Dans ce contexte, le risque que les problèmes économiques non résolus puissent avoir une incidence sur la stabilité sociale du pays doit être préoccupant : les difficultés économiques alimentent la colère, la frustration et le mécontentement, qui pourraient se confondre avec les manifestations contre le régime et encourager de nouvelles violences. Les révoltes provoquées par la hausse des prix du carburant et du pain, ainsi que les grèves de plus en plus fréquentes dans les grandes villes, ont montré un niveau croissant d’insatisfaction et de ressentiment de la part des plus pauvres.
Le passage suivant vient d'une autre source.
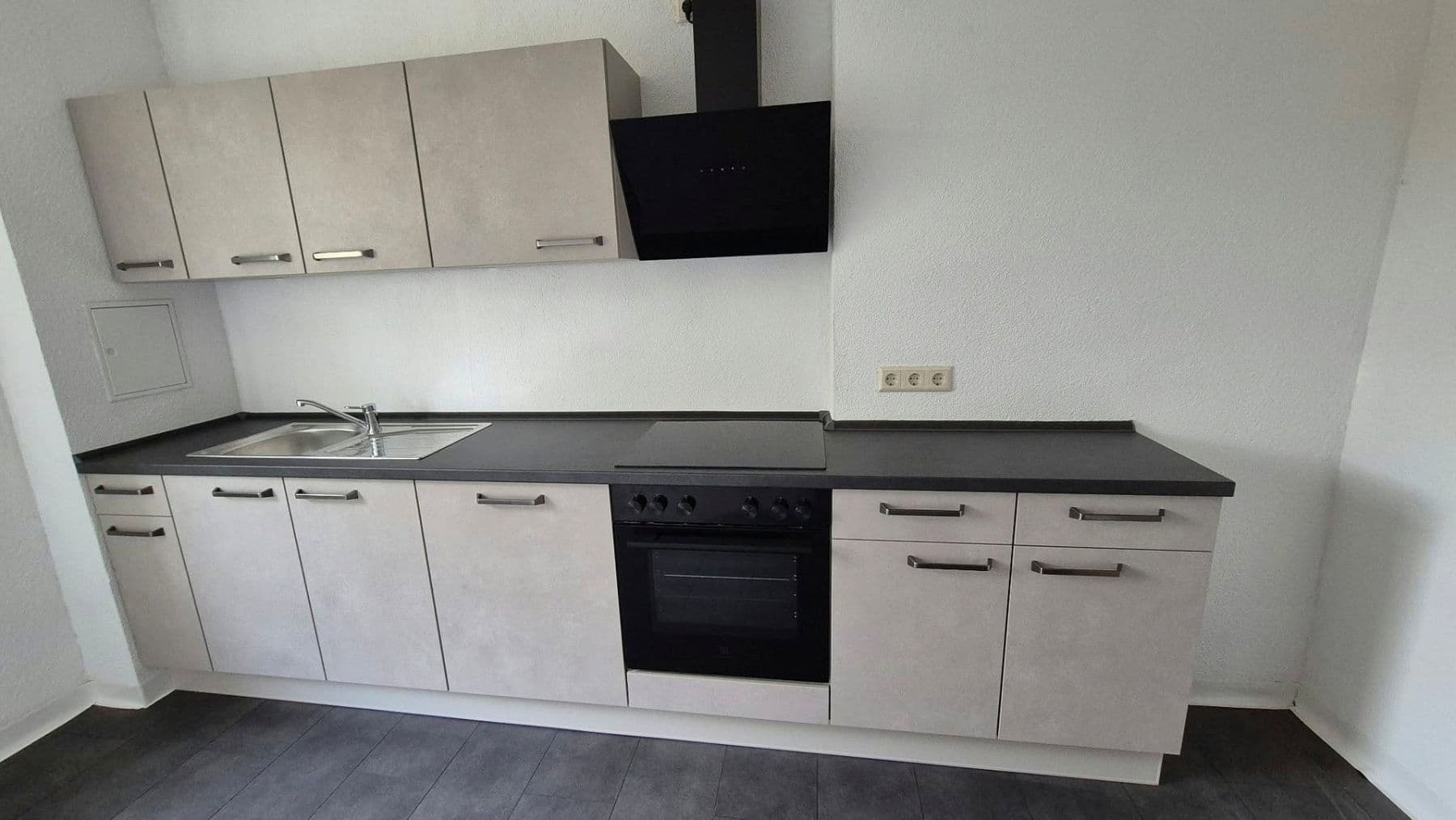 3 bedroom flat to rent, 73 m², Turmstrasse 18, Dessau, Saxony-Anhalt 3 bedroom flat to rent, 73 m², Turmstrasse 18, Dessau, Saxony-Anhalt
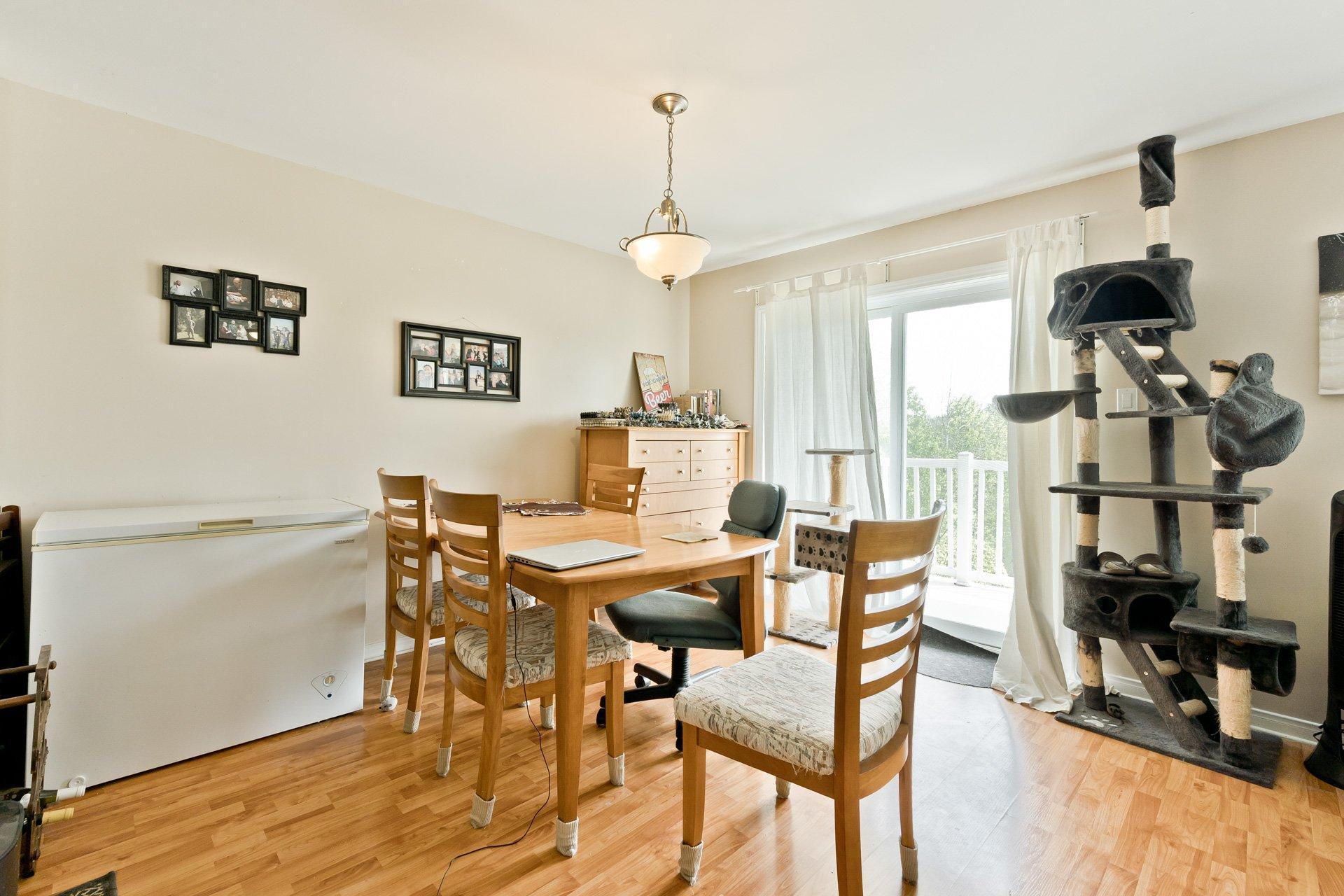 









361


Rue Argenteuil

,
Sherbrooke (Brompton/Rock Forest/Saint-Élie/Deauville),




QC
J1N2S6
Les réformes économiques elles-mêmes ont contribué au mécontentement parce qu’elles ne s’accompagnent pas de réformes structurelles au niveau social5.

Ainsi, à l’approche du huitième anniversaire des soulèvements de janvier 2011, l’Égypte se trouve toujours dans une situation difficile d’équilibre précaire entre la profonde réticence de l’État à renoncer à un pouvoir fort et la demande croissante de démocratie et de liberté de la part de la population.

Perspectives :

  • Bien que l’économie égyptienne montre quelques signes de reprise, les tentatives d’al-Sisi afin de réduire la dette publique par l’introduction de mesures d’austérité strictes risquent d’ignorer les réformes structurelles qui seraient nécessaires, laissant largement place au mécontentement populaire.
  • Jusqu’à présent, toutes ces mesures autoritaires n’ont été dénoncées publiquement, si ce n’est de façon discrète, par aucun acteur régional ou international, probablement parce que la préservation du régime actuel consolide et protège des intérêts plus transversaux.

Sources :

  1. SOLIMAN Asmahan, Egypt’s new political order in the making, Mada Masr, 4 décembre 2018.
  2. ARDOVINI Lucia, President al-Sisi’s Expanding Authority : Rule by Extra Judicial Powers, Foreign Policy Centre (FPC), 13 décembre 2018.
  3. ALLMAN Kira, Revolution and Counter-revolution in Egypt’s Emergency State, Oxford Human Rights Club, 9 mars 2018 ; DENTICE Giuseppe, Egitto : approvata la legge di immunità per i militari, La lettre du lundì, Edition 19, 12 août 2018.
  4. MANDOUR Maged, Sisi’s Debt Crisis, Sada Journal, Carnegie Endowment for International Peace, 20 novembre 2018.

Giuseppe Dentice

Sources
  1. MANDOUR Maged, Sisi’s Debt Crisis, Sada Journal, Carnegie Endowment for International Peace, 20 novembre 2018.
  2. MANDOUR Maged, Sisi’s Debt Crisis, Sada Journal, Carnegie Endowment for International Peace, 20 novembre 2018.
  3. ARDOVINI Lucia, President al-Sisi’s Expanding Authority : Rule by Extra Judicial Powers, Foreign Policy Centre (FPC), 13 décembre 2018.
  4. SOLIMAN Asmahan, Egypt’s new political order in the making, Mada Masr, 4 décembre 2018.
  5. ALLMAN Kira, Revolution and Counter-revolution in Egypt’s Emergency State, Oxford Human Rights Club, 9 mars 2018 ; DENTICE Giuseppe, Egitto : approvata la legge di immunità per i militari, La lettre du lundì, Edition 19, 12 août  2018.